* [Problem statement]:
Could you restate the whole listing below word for word, minus the pictures?

* [Provided data]:

===============

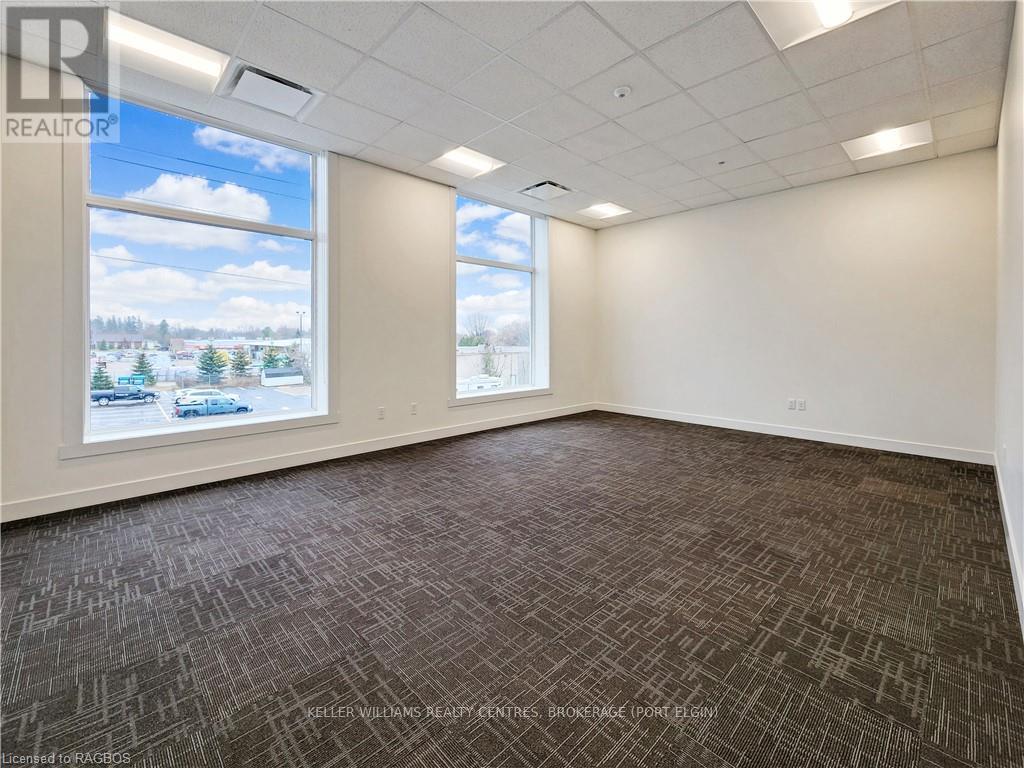 202 - 1020 Goderich Street, Saugeen Shores, Ontario N0H 2C3 - Photo 3 - X11822962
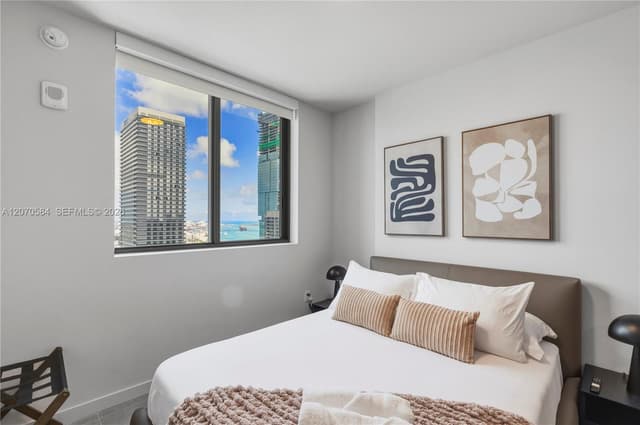 121 NE 5th St # 3312, Miami FL 33132 - Miami, FL - Photo 6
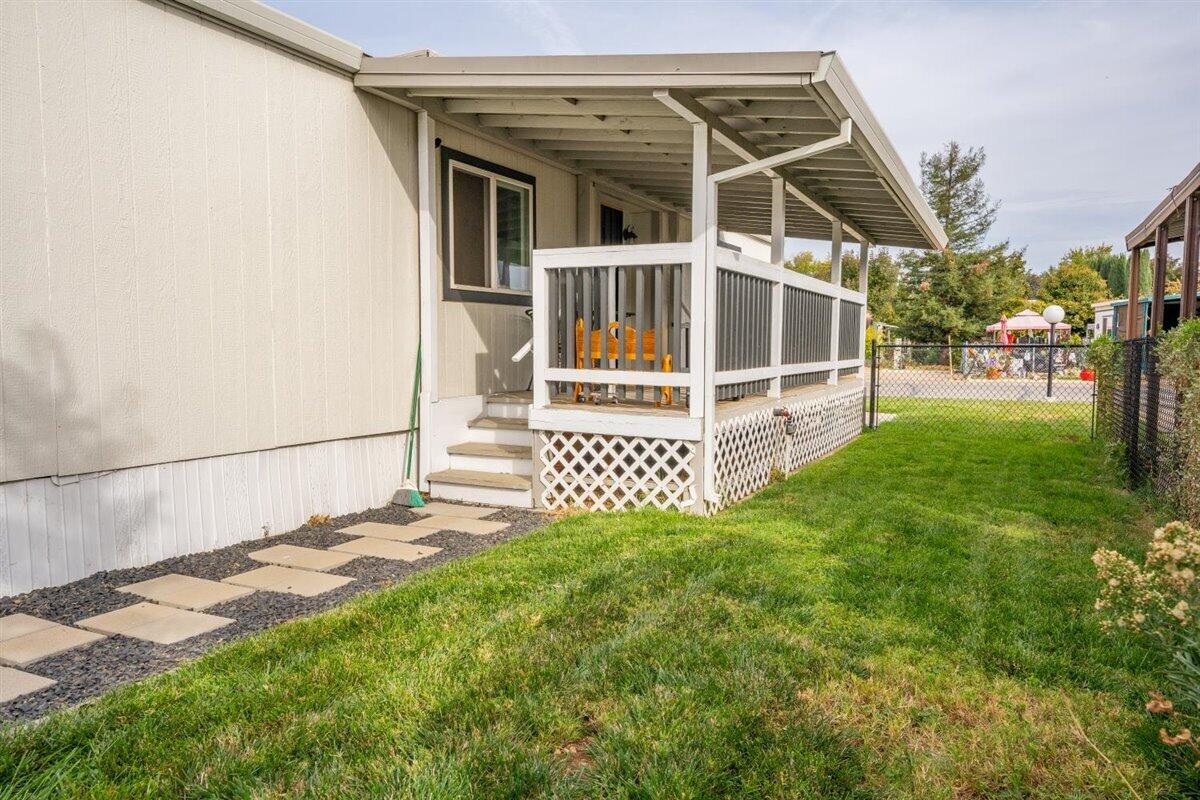 19964 Riverside Avenue, Unit 64 Anderson, CA 96007 - Photo 32 of 43 35-19964 Riverside Ave - Exterior-10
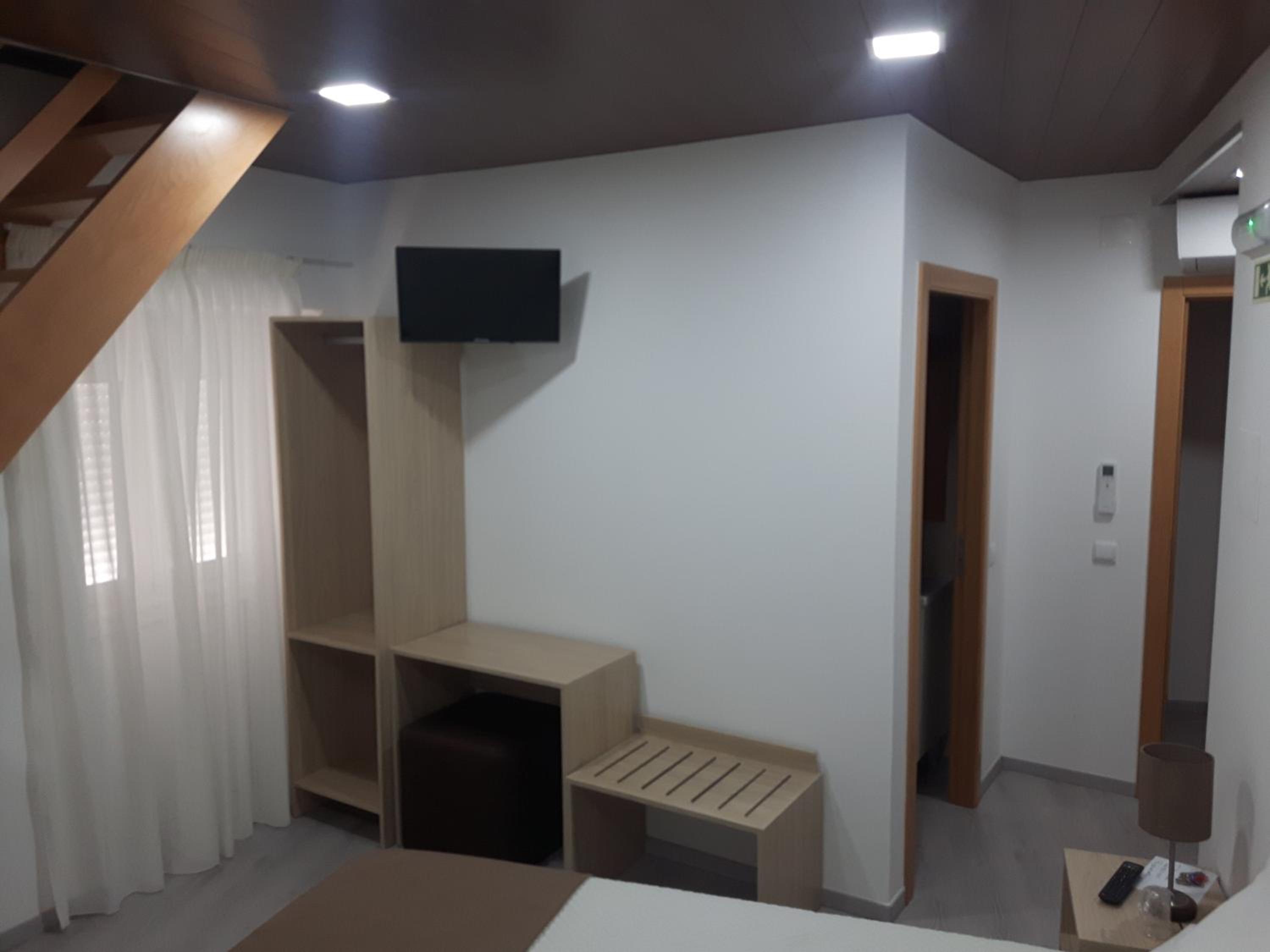 Quadruple Room with Private Bathroom photo 2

===============

* [Reply]:
 202 - 1020 Goderich Street, Saugeen Shores, Ontario N0H 2C3 - Photo 3 - X11822962
 121 NE 5th St # 3312, Miami FL 33132 - Miami, FL - Photo 6
 19964 Riverside Avenue, Unit 64 Anderson, CA 96007 - Photo 32 of 43 35-19964 Riverside Ave - Exterior-10
 Quadruple Room with Private Bathroom photo 2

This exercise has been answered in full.